(Listed entries)
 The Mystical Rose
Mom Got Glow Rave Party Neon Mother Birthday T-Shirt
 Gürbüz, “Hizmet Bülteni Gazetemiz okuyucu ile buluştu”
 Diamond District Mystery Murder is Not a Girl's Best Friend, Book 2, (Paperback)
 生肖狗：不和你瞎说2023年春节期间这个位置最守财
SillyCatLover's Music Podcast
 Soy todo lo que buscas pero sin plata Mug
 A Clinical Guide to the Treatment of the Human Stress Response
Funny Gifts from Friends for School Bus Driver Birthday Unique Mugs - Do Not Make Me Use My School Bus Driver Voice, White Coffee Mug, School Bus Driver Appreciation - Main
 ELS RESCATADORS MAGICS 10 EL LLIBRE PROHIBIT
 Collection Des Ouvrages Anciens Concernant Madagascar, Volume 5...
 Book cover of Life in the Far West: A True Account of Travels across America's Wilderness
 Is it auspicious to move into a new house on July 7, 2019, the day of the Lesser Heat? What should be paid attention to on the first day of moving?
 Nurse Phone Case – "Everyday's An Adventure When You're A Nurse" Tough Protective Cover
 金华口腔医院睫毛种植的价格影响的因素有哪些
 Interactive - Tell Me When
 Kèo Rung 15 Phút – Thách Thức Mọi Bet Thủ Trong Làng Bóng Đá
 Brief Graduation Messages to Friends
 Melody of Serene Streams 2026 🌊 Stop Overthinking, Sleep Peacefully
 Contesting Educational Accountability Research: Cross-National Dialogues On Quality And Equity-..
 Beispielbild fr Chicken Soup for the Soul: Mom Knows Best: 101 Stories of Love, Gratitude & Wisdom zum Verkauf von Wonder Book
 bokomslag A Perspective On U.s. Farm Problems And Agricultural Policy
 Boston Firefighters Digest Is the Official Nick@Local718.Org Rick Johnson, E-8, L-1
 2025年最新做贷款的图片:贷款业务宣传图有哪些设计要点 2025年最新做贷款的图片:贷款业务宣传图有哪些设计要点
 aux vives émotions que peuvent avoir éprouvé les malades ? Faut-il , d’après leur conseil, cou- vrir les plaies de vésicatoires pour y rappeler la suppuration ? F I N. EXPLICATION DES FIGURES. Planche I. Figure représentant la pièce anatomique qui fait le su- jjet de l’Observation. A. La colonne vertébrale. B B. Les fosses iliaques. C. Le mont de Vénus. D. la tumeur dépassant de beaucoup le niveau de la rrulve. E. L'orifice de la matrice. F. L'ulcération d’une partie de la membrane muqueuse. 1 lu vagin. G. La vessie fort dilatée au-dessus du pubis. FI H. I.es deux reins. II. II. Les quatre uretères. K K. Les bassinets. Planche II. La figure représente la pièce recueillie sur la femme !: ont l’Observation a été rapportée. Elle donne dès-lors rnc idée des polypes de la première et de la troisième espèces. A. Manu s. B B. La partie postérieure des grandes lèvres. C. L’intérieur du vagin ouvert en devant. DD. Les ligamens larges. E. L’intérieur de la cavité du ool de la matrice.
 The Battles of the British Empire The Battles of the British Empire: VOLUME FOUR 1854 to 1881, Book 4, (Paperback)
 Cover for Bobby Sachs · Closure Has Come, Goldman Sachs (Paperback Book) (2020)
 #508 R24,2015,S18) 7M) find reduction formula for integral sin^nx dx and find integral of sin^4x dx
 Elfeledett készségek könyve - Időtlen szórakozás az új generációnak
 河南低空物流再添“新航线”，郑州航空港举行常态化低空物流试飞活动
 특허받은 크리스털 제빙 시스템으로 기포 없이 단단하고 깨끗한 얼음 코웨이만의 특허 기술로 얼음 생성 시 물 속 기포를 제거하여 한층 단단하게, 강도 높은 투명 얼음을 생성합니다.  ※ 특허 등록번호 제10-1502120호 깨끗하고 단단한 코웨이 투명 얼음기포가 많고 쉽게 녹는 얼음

(What you need to do)
What is needed is every line from the start of the entries through the line containing "Collection Des Ouvrages", returned word for word and nothing else.

(Problem solution)
 The Mystical Rose
Mom Got Glow Rave Party Neon Mother Birthday T-Shirt
 Gürbüz, “Hizmet Bülteni Gazetemiz okuyucu ile buluştu”
 Diamond District Mystery Murder is Not a Girl's Best Friend, Book 2, (Paperback)
 生肖狗：不和你瞎说2023年春节期间这个位置最守财
SillyCatLover's Music Podcast
 Soy todo lo que buscas pero sin plata Mug
 A Clinical Guide to the Treatment of the Human Stress Response
Funny Gifts from Friends for School Bus Driver Birthday Unique Mugs - Do Not Make Me Use My School Bus Driver Voice, White Coffee Mug, School Bus Driver Appreciation - Main
 ELS RESCATADORS MAGICS 10 EL LLIBRE PROHIBIT
 Collection Des Ouvrages Anciens Concernant Madagascar, Volume 5...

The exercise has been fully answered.